:: Your task ::
From the records that follow, return exactly the lines beginning at the one that contains "Pink_and_white_dried_flowers_gorgeous_arrangement_fbe40 Bl" and ending at the one that contains "Florida goditet nga stuhia tropikale", pictures left out.

:: Data shown ::
===============

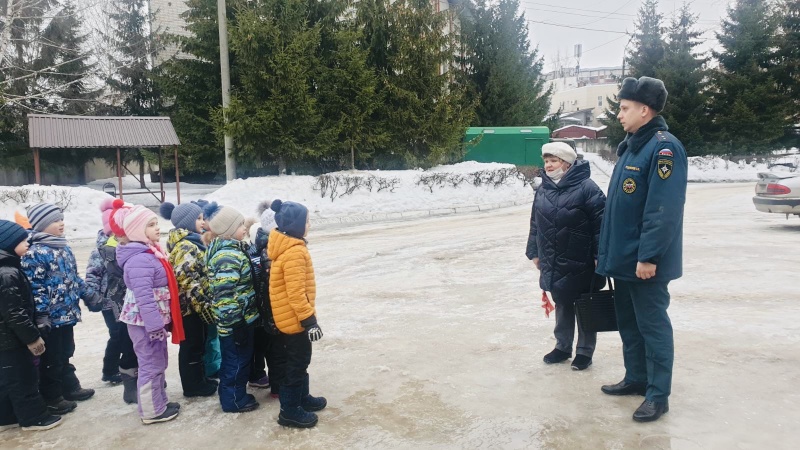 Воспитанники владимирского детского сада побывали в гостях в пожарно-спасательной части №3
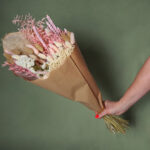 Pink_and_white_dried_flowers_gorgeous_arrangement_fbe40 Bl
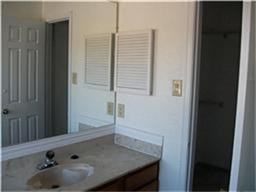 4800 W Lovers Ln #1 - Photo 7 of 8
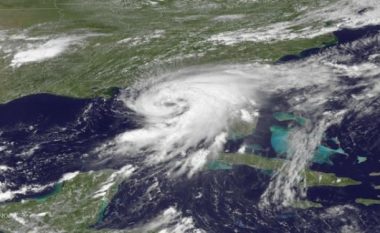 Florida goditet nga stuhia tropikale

===============

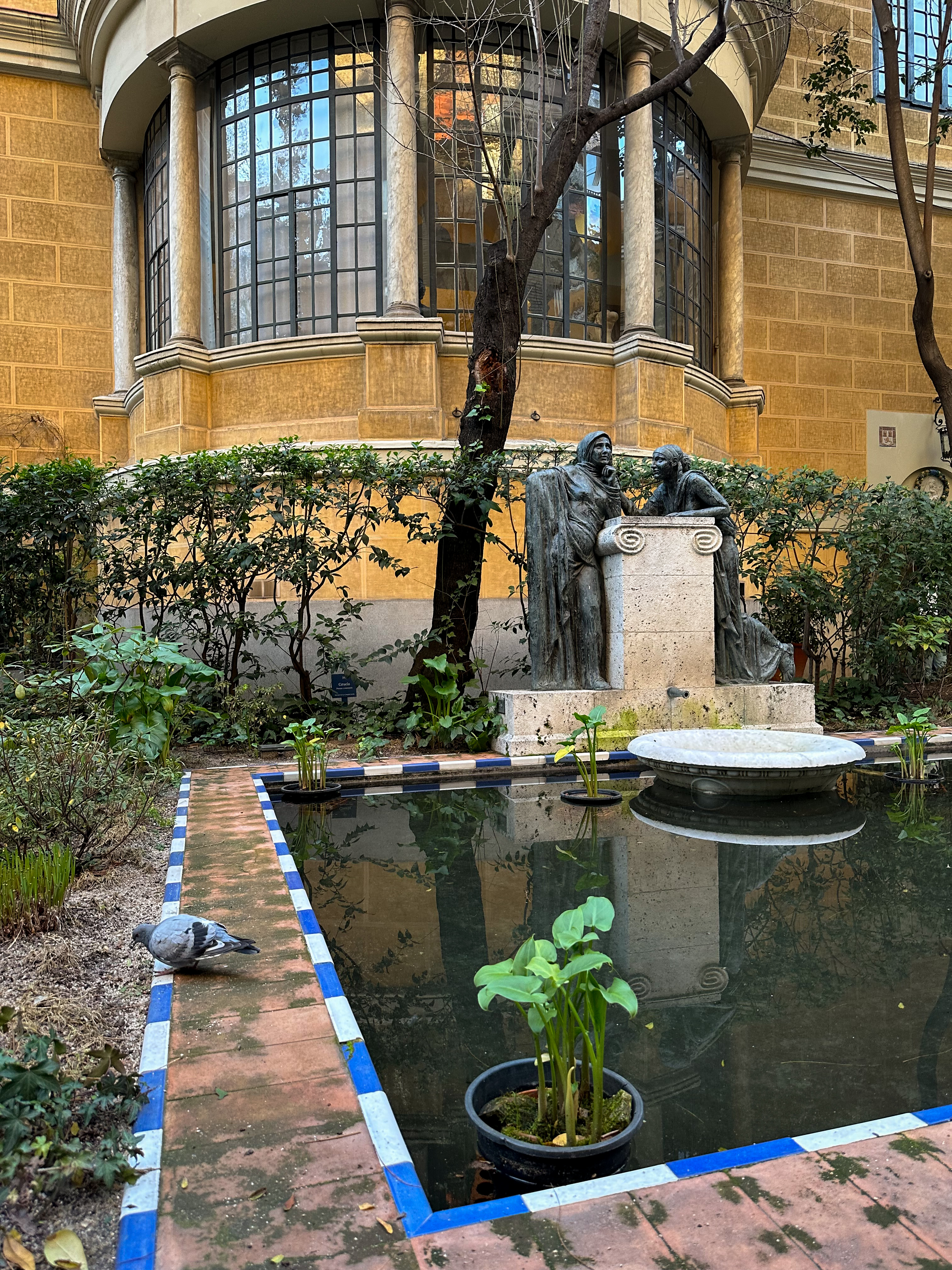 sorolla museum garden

===============

:: Completed task ::
 Pink_and_white_dried_flowers_gorgeous_arrangement_fbe40 Bl
 4800 W Lovers Ln #1 - Photo 7 of 8
 Florida goditet nga stuhia tropikale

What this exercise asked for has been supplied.